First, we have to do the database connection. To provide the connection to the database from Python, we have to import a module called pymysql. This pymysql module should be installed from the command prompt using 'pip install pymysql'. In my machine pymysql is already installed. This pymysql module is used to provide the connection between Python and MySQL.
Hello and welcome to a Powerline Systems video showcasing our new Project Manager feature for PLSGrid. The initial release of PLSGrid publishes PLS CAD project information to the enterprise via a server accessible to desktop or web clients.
* * *
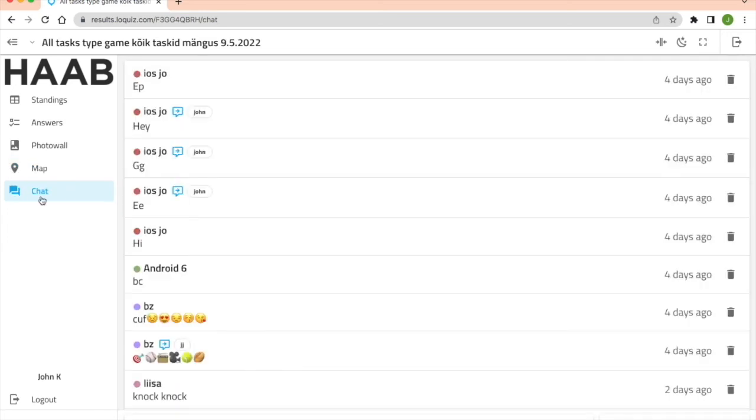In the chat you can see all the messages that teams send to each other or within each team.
* * *
■ Requirement: Copy the records above exactly, beginning at the line that contains "First, we have" and stopping after the line that contains "Hello and welcome".

■ Result for this exercise:
First, we have to do the database connection. To provide the connection to the database from Python, we have to import a module called pymysql. This pymysql module should be installed from the command prompt using 'pip install pymysql'. In my machine pymysql is already installed. This pymysql module is used to provide the connection between Python and MySQL.
Hello and welcome to a Powerline Systems video showcasing our new Project Manager feature for PLSGrid. The initial release of PLSGrid publishes PLS CAD project information to the enterprise via a server accessible to desktop or web clients.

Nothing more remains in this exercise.